*Data entries*:
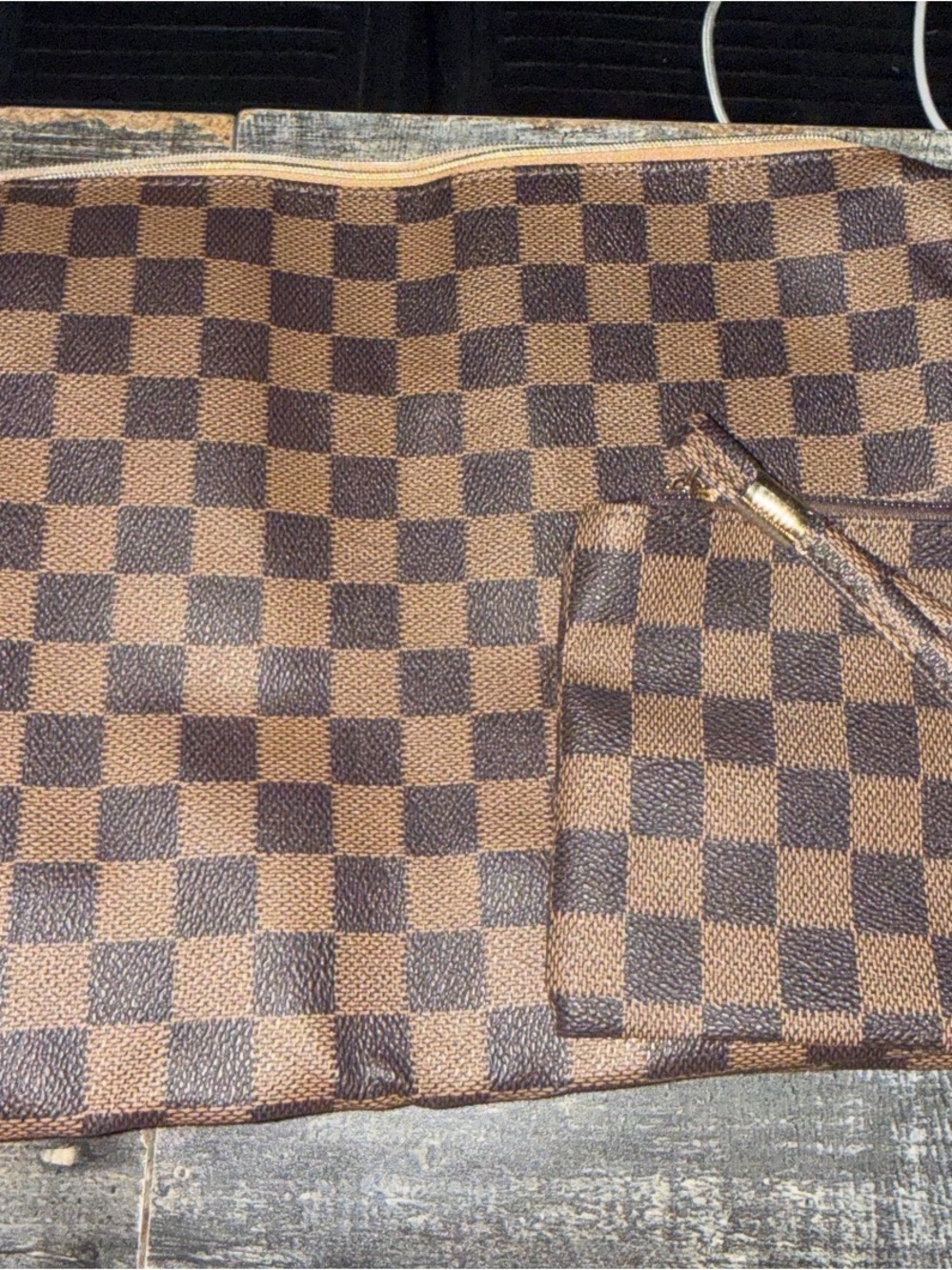 Inspired Brown Checkered Tote with Pouch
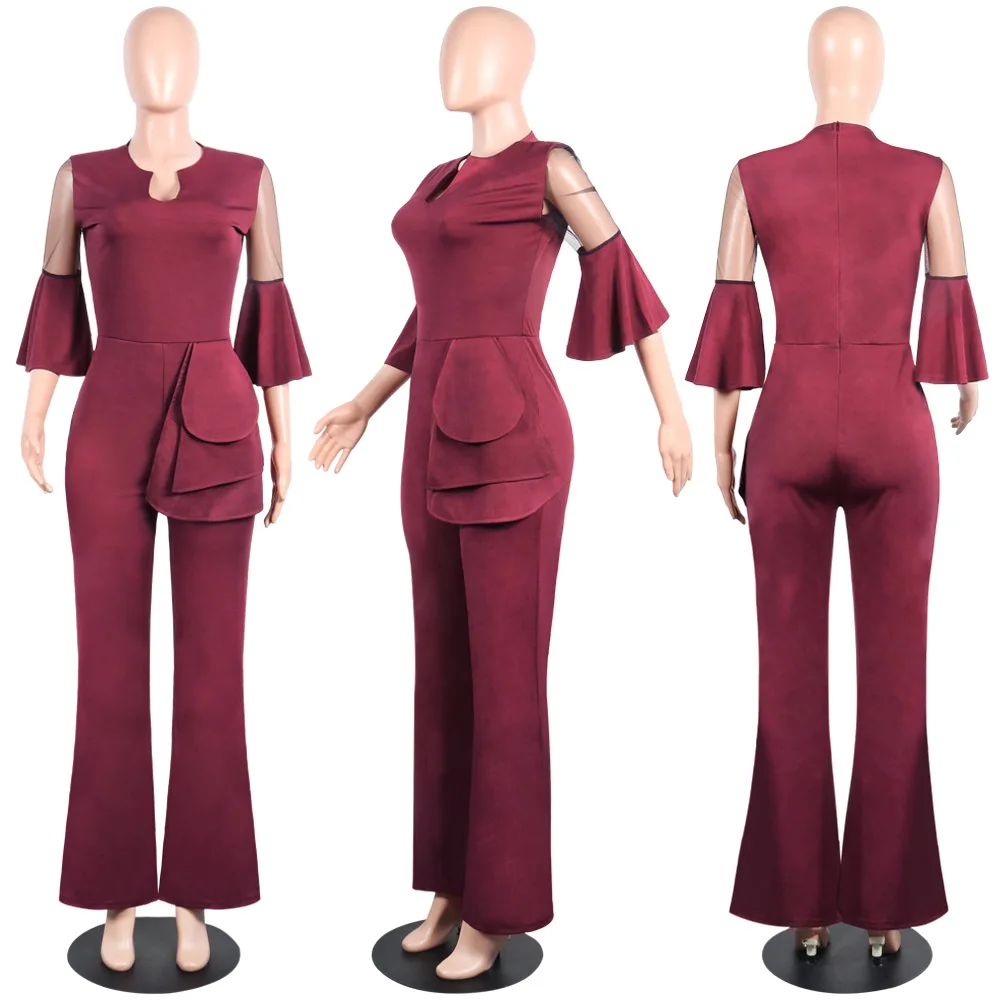 

Ruffles Patchwork Sexy Wide Leg Jumpsuit Women V-Neck Long Lace Flare Sleeve Solid Elegant Romper Autumn Ladies Slim Playsuit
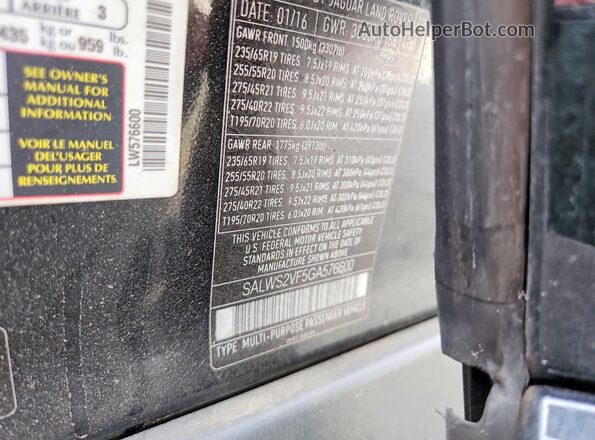 SALWS2VF5GA576600 2016 LAND ROVER RANGE Black VIN sticker view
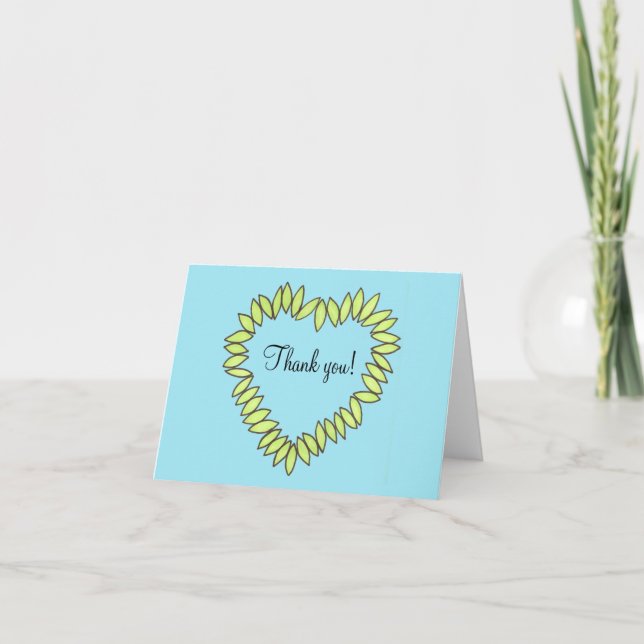 Carte De Remerciements Cœur de feuille de printemps (Devant)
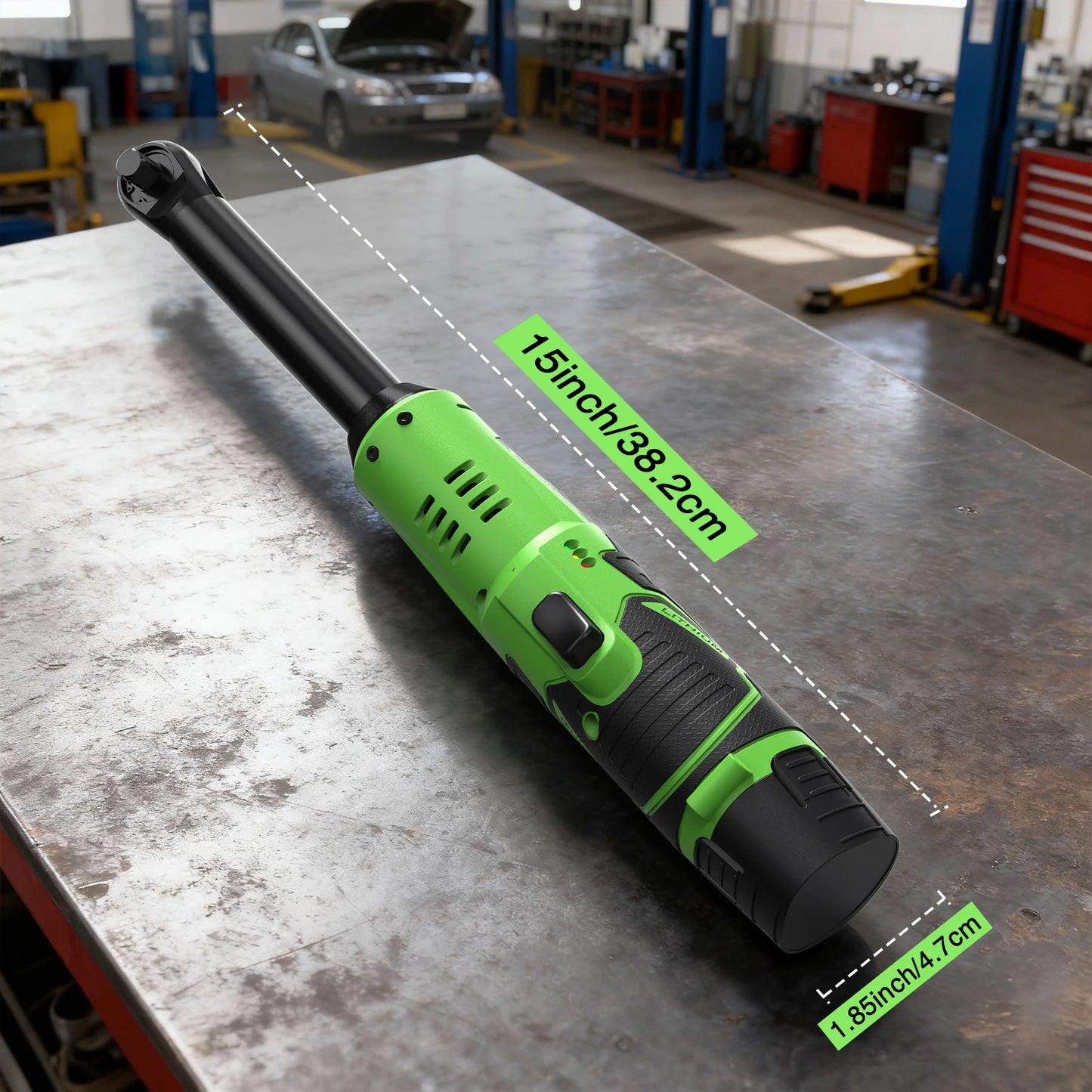 Extended Cordless Ratchet Wrench With Three Eighth Inch Driver For Cars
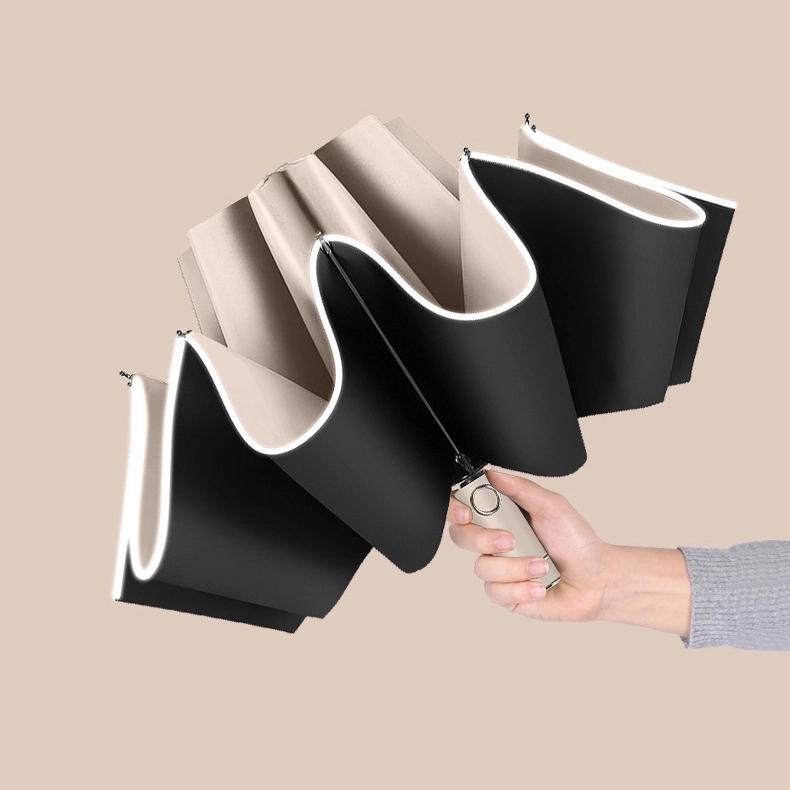 Travel Automatic Reverse Umbrella with Light Reflection 3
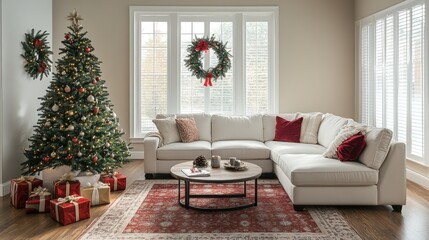Decorated Christmas tree in living room with sectional sofa, presents, and wreath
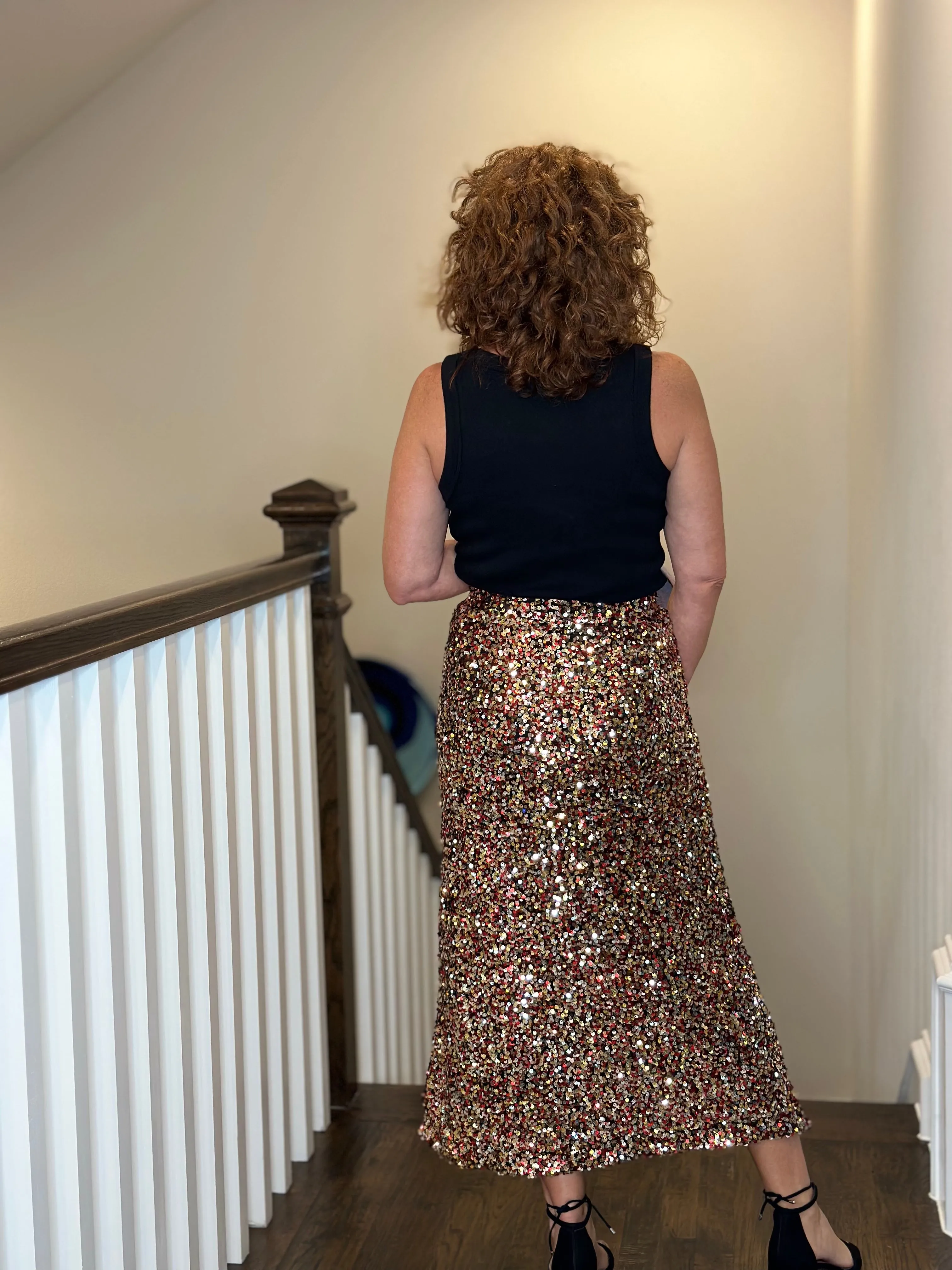 Sequin Pencil Skirt in Gold, Red & Silver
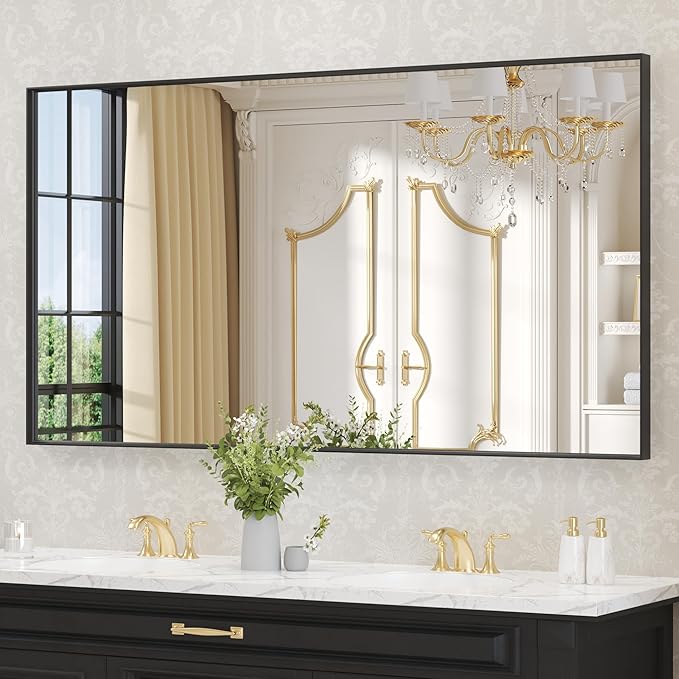 LOAAO Black Bathroom Mirror 60"X30" - Image 3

*Work task*: All lines from the one containing "SALWS2VF5GA576600 2016 LAND" through the end of the entries above must be given again exactly, with every picture omitted.

*Task response*:
 SALWS2VF5GA576600 2016 LAND ROVER RANGE Black VIN sticker view
 Carte De Remerciements Cœur de feuille de printemps (Devant)
 Extended Cordless Ratchet Wrench With Three Eighth Inch Driver For Cars
 Travel Automatic Reverse Umbrella with Light Reflection 3
Decorated Christmas tree in living room with sectional sofa, presents, and wreath
 Sequin Pencil Skirt in Gold, Red & Silver
 LOAAO Black Bathroom Mirror 60"X30" - Image 3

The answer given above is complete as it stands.